In [1]:
import torch
from procgen import ProcgenGym3Env
from torchinfo import summary
import core

device = torch.device("cuda:0" if torch.cuda.is_available() else "cpu")
print(device)

model = None
player = None
ppo = None
env= None
envKW = {}

modelPath = "models/"
def loadAll(fname, loadEnv=True):
    model.load_state_dict(torch.load(modelPath + fname + "/model.pth"))
    player.load_state_dict(torch.load(modelPath + fname + "/player.pth"))
    ppo.load_state_dict(torch.load(modelPath + fname + "/ppo.pth"))
    if loadEnv:
        envKW = torch.load(modelPath + fname + "/envKW.pth")
        env = ProcgenGym3Env(**envKW)
        env.callmethod("set_state", torch.load(modelPath + fname + "/env_states.pth"))
    else:
        player.reset()

def saveAll(fname):
    import os
    os.makedirs(modelPath + fname, exist_ok=True)
    torch.save(model.state_dict(), modelPath + fname + "/model.pth")
    torch.save(player.state_dict(), modelPath + fname + "/player.pth")
    torch.save(ppo.state_dict(), modelPath + fname + "/ppo.pth")
    torch.save(envKW, modelPath + fname + "/envKW.pth")
    torch.save(env.callmethod("get_state"), modelPath + fname + "/env_states.pth")
    torch.save(ppo.all_stats, modelPath + fname + "/stats.pth")
    torch.save(player.trainEpisodeStats, modelPath + fname + "/trainEpisodeStats.pth")


cuda:0


In [2]:
num_models = 2
num_agents = 64
envKW = core.getKW(num=num_models*num_agents, env_name="coinrun", distribution_mode="easy", paint_vel_info=True, use_backgrounds=False, restrict_themes=True)
env = ProcgenGym3Env(**envKW)
print(env.ob_space)
print(env.ac_space)

Dict(rgb=D256[64,64,3])
D15[]


In [3]:
from CVModels import CNNAgent, ViTValue, ImpalaValue, VectorModelValue
from CVModels import avgSync, sumSync
modelName = "Impala"
if modelName == "Impala":
    model = ImpalaValue().to(device)
elif modelName == "ViT60":
    model = ViTValue(depth=4, num_heads=4, embed_dim=32, mlp_ratio=4, valueHeadLayers=1).to(device)
elif modelName == "ViT15":
    model = ViTValue(depth=3, num_heads=4, embed_dim=16, mlp_ratio=4, valueHeadLayers=1).to(device)
elif modelName == "resnet":
    model = CNNAgent([64, 64, 3], 15, channels=16, layers=[1,1,1,1], scale=[1,1,1,1], vheadLayers=1).to(device)
# model = ViTValue(depth=3, num_heads=4, embed_dim=16, mlp_ratio=4, valueHeadLayers=1).to(device)
model = VectorModelValue(model, n=num_models, syncFunc=avgSync).to(device)
# model = CNNAgent([64, 64, 3], 15, channels=16, layers=[1,1,1,1], scale=[1,1,1,1], vheadLayers=1).to(device)
model.train()
summary(model, input_size=(2, 2, 3, 64, 64))

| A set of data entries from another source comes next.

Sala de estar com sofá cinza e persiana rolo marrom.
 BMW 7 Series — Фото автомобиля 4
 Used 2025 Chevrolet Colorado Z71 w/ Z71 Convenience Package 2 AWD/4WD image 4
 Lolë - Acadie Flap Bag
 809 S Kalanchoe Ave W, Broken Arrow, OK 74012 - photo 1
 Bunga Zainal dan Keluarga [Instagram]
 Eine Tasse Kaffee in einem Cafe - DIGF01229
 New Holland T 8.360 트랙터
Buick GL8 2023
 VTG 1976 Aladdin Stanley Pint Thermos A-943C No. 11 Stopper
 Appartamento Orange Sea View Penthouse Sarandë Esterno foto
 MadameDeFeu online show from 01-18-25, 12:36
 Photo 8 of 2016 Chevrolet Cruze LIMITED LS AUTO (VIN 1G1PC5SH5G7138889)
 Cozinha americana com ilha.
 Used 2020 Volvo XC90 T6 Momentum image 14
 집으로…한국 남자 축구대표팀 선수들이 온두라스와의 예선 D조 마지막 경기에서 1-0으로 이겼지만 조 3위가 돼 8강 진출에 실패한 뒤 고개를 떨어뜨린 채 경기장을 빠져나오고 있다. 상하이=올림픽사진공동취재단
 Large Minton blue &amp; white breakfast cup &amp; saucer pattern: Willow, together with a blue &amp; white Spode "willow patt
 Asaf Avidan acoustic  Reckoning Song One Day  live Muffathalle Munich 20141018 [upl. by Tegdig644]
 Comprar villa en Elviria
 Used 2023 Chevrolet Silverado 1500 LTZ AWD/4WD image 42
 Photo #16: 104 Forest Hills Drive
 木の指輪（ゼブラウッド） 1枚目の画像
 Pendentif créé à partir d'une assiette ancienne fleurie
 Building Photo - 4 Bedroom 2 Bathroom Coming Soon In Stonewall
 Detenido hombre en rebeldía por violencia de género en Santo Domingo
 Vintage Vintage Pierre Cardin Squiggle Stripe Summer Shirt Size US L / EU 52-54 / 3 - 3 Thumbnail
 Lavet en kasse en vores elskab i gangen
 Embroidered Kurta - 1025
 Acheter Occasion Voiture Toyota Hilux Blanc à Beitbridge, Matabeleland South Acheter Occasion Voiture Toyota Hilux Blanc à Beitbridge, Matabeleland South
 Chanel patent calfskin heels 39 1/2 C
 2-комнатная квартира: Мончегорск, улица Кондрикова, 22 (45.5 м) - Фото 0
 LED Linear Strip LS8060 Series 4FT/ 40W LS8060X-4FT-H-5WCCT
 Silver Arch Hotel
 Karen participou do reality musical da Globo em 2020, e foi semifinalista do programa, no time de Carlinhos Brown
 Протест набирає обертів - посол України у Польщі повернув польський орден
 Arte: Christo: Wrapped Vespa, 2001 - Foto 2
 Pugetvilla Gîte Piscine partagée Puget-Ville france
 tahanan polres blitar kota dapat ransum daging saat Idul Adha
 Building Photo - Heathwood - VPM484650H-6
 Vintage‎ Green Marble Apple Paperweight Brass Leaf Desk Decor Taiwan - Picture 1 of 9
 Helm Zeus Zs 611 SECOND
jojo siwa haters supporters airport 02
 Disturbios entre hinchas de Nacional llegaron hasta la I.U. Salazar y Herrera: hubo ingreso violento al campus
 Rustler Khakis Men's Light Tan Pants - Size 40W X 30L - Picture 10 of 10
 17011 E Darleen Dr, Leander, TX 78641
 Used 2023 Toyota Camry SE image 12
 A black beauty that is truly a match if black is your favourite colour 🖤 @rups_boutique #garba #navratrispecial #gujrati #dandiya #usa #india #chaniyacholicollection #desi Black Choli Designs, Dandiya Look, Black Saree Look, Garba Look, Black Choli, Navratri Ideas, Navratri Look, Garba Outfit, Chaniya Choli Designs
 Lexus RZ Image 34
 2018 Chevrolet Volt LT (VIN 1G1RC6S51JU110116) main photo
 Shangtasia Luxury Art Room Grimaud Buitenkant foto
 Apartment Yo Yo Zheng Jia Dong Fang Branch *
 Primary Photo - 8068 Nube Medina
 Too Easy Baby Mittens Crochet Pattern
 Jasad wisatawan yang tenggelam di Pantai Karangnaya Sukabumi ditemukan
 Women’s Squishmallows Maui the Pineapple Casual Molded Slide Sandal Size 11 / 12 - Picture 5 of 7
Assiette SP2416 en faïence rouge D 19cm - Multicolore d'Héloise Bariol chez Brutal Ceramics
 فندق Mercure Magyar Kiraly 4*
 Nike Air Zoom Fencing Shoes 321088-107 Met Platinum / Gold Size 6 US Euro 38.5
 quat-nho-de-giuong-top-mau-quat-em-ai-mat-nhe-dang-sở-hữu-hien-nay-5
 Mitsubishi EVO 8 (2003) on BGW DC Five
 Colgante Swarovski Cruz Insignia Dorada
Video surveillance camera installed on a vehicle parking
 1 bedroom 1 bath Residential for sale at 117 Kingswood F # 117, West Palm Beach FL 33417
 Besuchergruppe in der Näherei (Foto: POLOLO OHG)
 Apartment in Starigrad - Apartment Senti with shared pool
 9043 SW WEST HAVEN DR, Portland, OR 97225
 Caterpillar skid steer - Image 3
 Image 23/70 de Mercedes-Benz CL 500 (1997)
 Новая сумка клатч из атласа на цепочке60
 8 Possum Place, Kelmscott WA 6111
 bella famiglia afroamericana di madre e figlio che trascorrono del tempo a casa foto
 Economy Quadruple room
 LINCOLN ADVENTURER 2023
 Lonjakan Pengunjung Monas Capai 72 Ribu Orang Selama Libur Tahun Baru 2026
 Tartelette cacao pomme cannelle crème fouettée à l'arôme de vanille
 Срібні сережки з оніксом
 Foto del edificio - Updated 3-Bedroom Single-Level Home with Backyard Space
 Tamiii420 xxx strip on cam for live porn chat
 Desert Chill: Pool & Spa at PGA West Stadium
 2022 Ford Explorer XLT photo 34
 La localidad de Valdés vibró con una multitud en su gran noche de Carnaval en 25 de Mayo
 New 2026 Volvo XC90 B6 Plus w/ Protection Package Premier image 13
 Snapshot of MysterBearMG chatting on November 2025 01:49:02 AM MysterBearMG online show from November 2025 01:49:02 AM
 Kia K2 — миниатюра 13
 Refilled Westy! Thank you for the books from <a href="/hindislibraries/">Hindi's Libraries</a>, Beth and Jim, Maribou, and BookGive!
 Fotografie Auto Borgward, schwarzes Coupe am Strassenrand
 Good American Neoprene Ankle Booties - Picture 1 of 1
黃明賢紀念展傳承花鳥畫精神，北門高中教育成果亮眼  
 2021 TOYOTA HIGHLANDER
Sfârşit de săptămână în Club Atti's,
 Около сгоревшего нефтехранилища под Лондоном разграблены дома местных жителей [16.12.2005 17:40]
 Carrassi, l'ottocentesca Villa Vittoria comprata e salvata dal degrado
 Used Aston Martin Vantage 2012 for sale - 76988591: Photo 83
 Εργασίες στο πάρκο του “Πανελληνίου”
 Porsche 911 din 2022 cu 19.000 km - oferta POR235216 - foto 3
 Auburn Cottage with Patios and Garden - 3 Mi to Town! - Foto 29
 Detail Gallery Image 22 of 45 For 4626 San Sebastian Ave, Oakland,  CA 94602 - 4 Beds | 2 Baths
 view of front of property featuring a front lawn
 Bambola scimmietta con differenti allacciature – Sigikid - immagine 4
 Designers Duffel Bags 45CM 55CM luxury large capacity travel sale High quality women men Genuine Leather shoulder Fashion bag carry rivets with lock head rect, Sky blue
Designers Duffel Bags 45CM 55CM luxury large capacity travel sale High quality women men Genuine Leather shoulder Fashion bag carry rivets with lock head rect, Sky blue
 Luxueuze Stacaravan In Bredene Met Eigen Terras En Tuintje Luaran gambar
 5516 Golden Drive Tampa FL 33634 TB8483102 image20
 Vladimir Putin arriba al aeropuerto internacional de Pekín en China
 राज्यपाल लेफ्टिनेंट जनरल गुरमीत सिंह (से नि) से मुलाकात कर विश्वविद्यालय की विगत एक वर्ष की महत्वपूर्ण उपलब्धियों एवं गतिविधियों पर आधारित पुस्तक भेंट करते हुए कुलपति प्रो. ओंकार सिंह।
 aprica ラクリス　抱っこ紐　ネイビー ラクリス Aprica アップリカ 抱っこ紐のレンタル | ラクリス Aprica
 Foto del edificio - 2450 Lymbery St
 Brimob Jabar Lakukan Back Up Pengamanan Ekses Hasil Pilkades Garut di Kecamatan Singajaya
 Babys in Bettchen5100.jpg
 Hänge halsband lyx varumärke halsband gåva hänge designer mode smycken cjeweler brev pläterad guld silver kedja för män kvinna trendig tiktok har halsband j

Layer (type:depth-idx)                        Output Shape              Param #
VectorModelValue                              [2, 2, 15]                --
├─ModuleList: 1-1                             --                        --
│    └─ImpalaValue: 2-1                       [2, 15]                   --
│    │    └─ImpalaModel: 3-1                  [2, 256]                  622,144
│    │    └─Linear: 3-2                       [2, 15]                   3,855
│    │    └─ValueHead: 3-3                    [2, 1]                    257
│    └─ImpalaValue: 2-2                       [2, 15]                   --
│    │    └─ImpalaModel: 3-4                  [2, 256]                  622,144
│    │    └─Linear: 3-5                       [2, 15]                   3,855
│    │    └─ValueHead: 3-6                    [2, 1]                    257
Total params: 1,252,512
Trainable params: 1,252,512
Non-trainable params: 0
Total mult-adds (M): 125.39
Input size (MB): 0.20
Forward/backward pass size

In [4]:
# model.load_state_dict(torch.load(modelPath + "vitNegT8BigFin" + "/model.pth"))
from PPO import VectorPPO
from ProcgenPlayer import VectorPlayer

gamma = 0.99
# gamma = 0.999
rewardScale = 10
terminateReward = 1 - 10.0 / rewardScale

# livingReward = 0
livingReward = -1e-3
# lr = 1e-3
lr = 2.5e-4
# ent_coef = 0
ent_coef = 1e-2
print("terminateReward", terminateReward, "livingReward", livingReward, "discountedSumLiving", livingReward / (1 - gamma)) # if terminate reward > discountedSumLiving the agent will perfer to run into obstacles.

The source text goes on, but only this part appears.